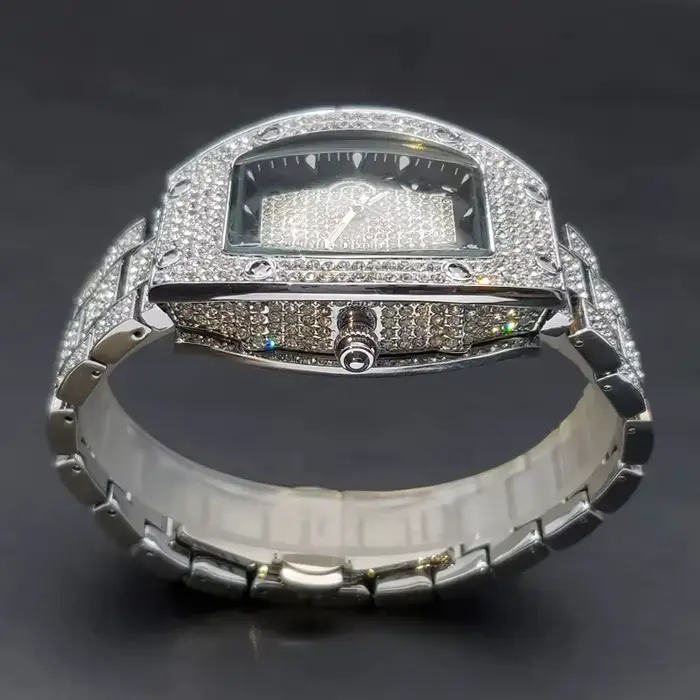 Montre Tonneau de Luxe en Argent pour Homme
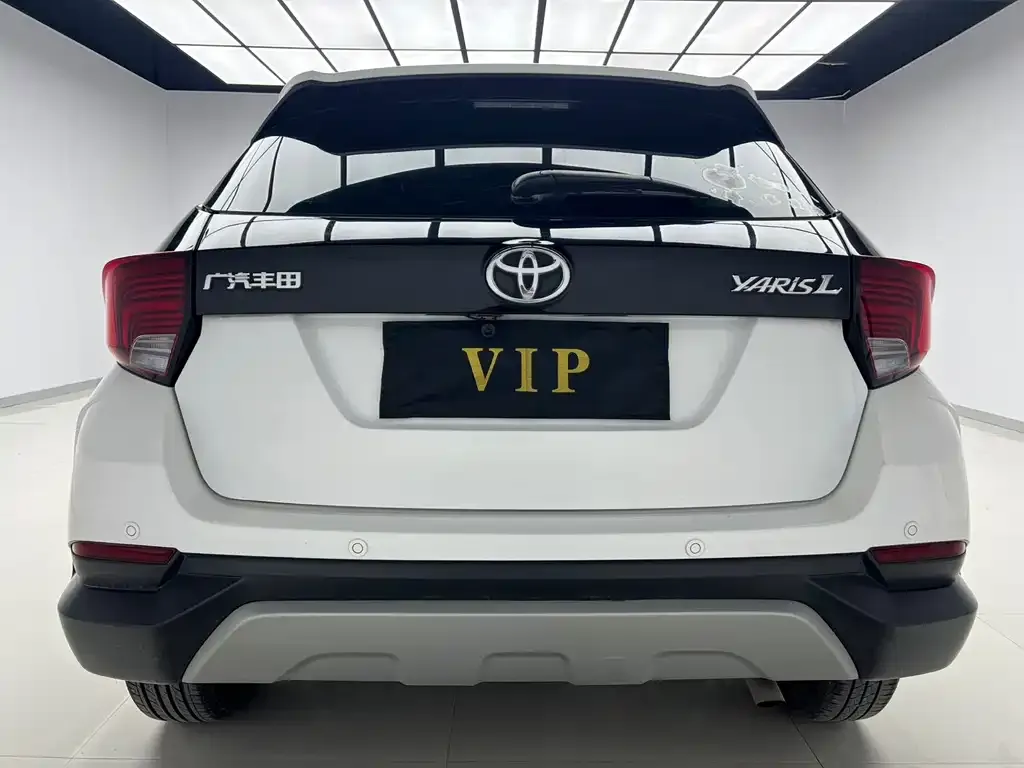 Toyota Yaris L — фото 4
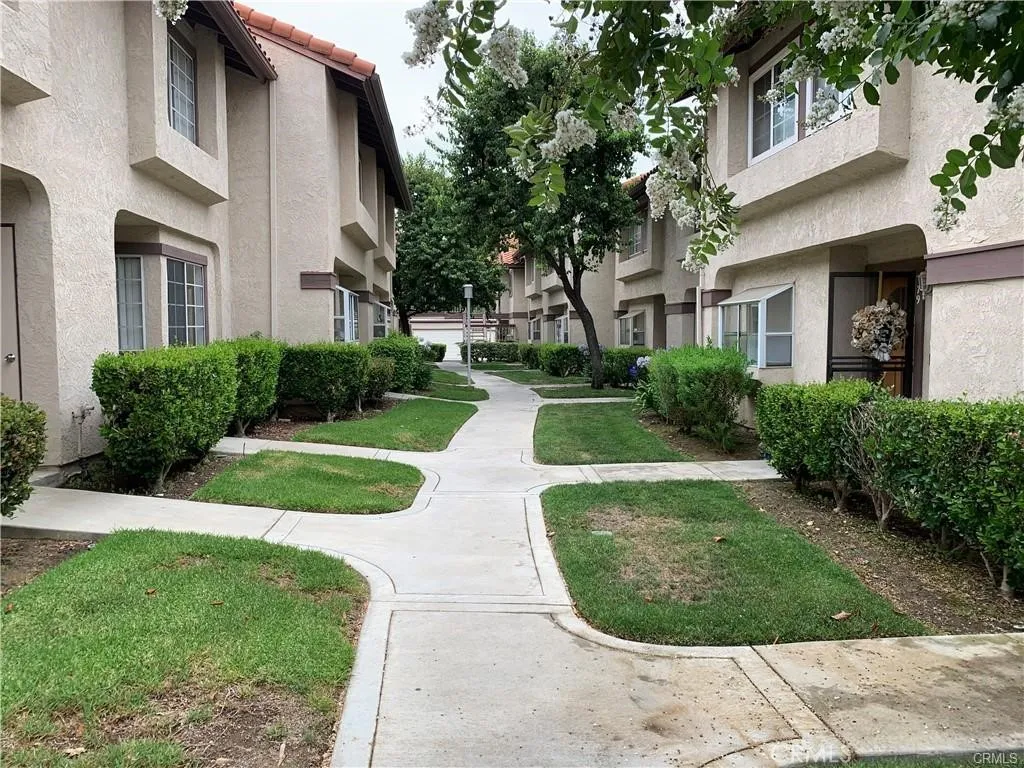 Calabasas, CA 91302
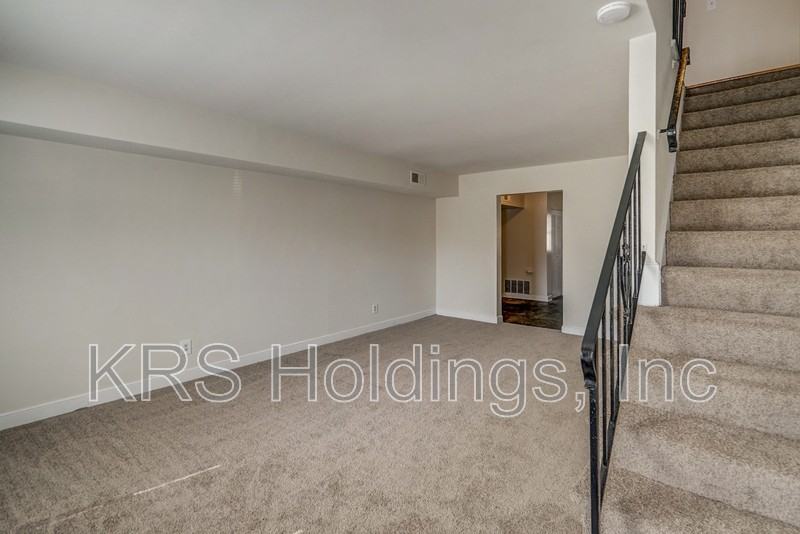 5211 Goolsby Ct - Photo 6 of 21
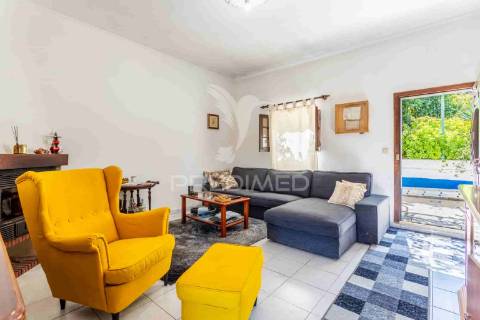 O seu cantinho no campo: casa de aldeia com quintinha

■ **YOUR GOAL**
Transcribe the material exactly, leaving every picture out.

■ **TASK RESPONSE**
 Montre Tonneau de Luxe en Argent pour Homme
 Toyota Yaris L — фото 4
 Calabasas, CA 91302
 5211 Goolsby Ct - Photo 6 of 21
 O seu cantinho no campo: casa de aldeia com quintinha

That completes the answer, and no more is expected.